The return of billion-dollar M&A deals was supposed to reignite leveraged finance activities. Instead, a seemingly technical feature – portability clauses – is having a significant impact on LBO transactions.
What is the Portability Clause?
A portability clause allows a sponsor to transfer ownership of the group to a new owner without triggering repayment of the debt due to the change of control. In practice, this means a buyer can acquire a business and keep the existing financing in place – with no need to raise fresh debt for the sale.
Why does it matter?
For PE Sponsors, portability is a game-changer as it creates pre-packaged financing, making assets more attractive, reduces execution risk by avoiding volatile credit markets at exit and can preserve favourable rates in a rising interest rate environment. It also significantly simplifies and speeds up the exit process, which is critical in a tight M&A market.

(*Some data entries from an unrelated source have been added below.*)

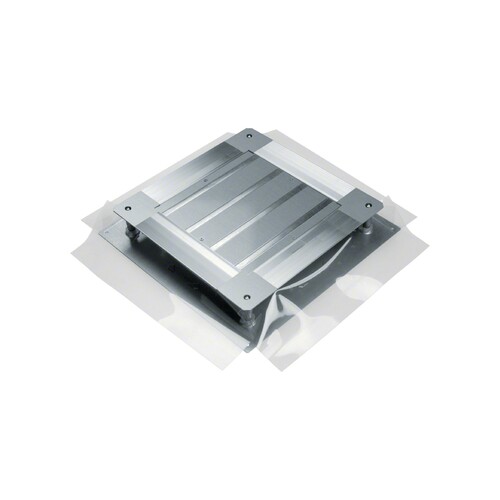 Uniwersalna puszka podłogowa na płycie rozmiar 2 75-125mm stal tehalit.UK  Hager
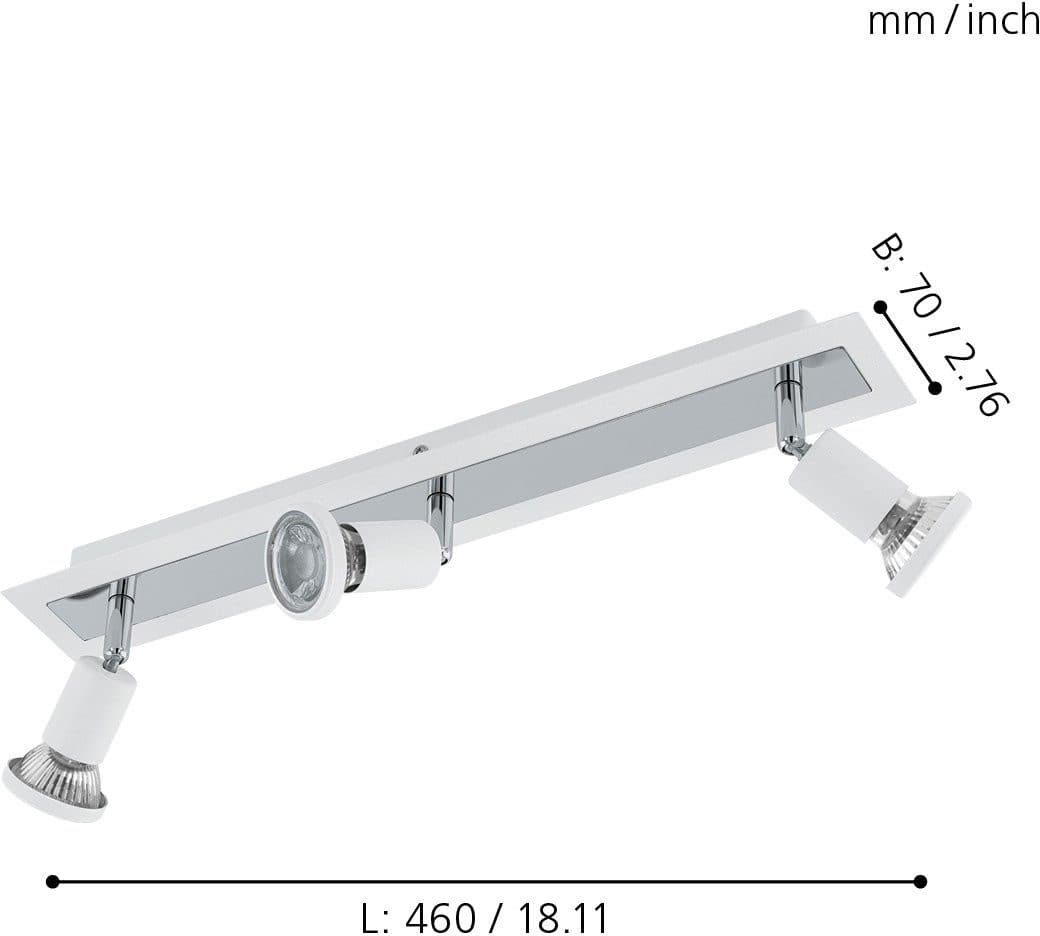 EGLO SARRIA LED Deckenspots | Weiß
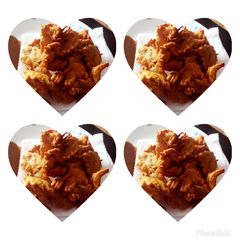 Panfried onion fritters A picture of Panfried onion fritters.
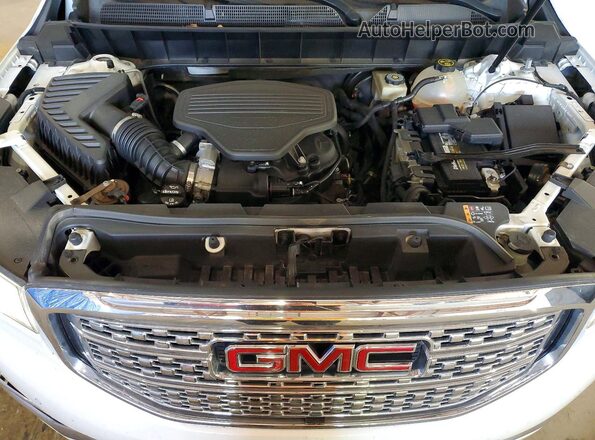 1GKKNPLSXHZ180857 2017 GMC ACADIA White ძრავის განყოფილების ხედი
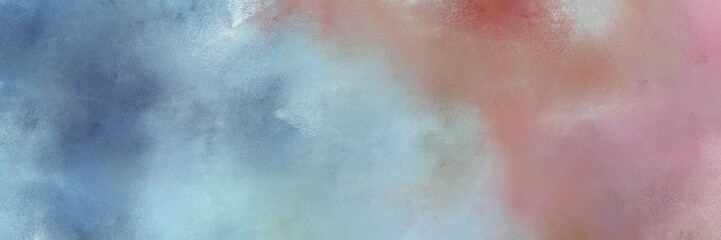 Fototapeta premium painted grunge horizontal background banner with dark gray, teal blue and light blue color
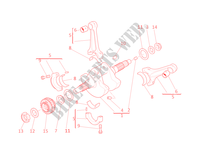 CONNECTING RODS for Ducati Multistrada 1200 ABS 2011
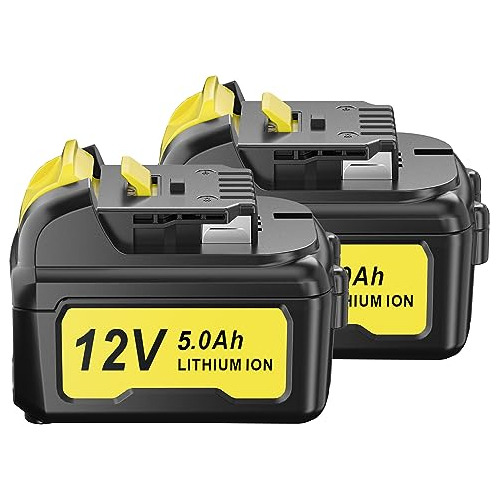 Para Batería De 12v 5.0ah Dewalt Dcb120 Batería De Io...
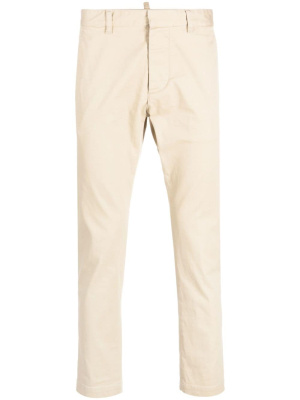 

Low-rise slim-fit cotton chinos, Dsquared2 Low-rise slim-fit cotton chinos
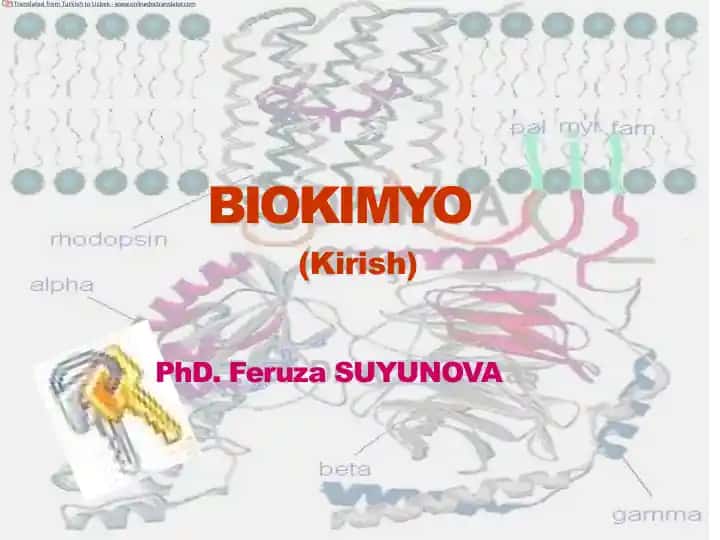 Biokimyo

For Lenders, however, it’s a different story as portability avoids refinancing and raising new debt, eating into arrangement fees that can reach 1–3% on an LBO. Further, there is a risk for lenders of who ultimately owns the company. To manage that uncertainty, lenders are pushing for time limits (typically 18-24 months), one-time use and whitelists of pre-approved buyers.
Why now?
Sponsors crave flexibility. With IPO windows closed and credit markets volatile, locking in debt and offering pre-packaged financing makes assets easier to sell. For that purpose, portability is the perfect ingredient.
How big is the trend?
- In European high-yield bonds, portability appeared in ~50% of deals in H1 2024,
- In leveraged loans, its share tripled – from 4% to 12% by Q3 2024. This is no longer niche – it’s mainstream in sponsor-driven transactions,
- Lately, +2b$ deals such as Cognita or Urbaser have been the subject of heavy portability clause discussions.
The Fine Print: Negotiation Points around such clauses
From recent legal analysis (Baker McKenzie, White & Case), the main points are as follows:
- Leverage ratio tests (pro forma) to protect lenders;
- Pre-approved buyers (white-list) or minimum AUM requirements;
- KYC processes built into the timeline;
- Ratings triggers in bonds, less common in loans; and
- Duration for the clause implementation.
The Bigger Picture
Portability clauses change the traditional dynamic, especially in a challenging environment for exits. Lenders lose a critical revenue stream whilst sponsors gain deal certainty and cost savings. For lenders, it also introduces governance challenges and credit risks
The question is: Will portability become a permanent feature in the leveraged finance landscape – or will lenders manage to push back on its rise?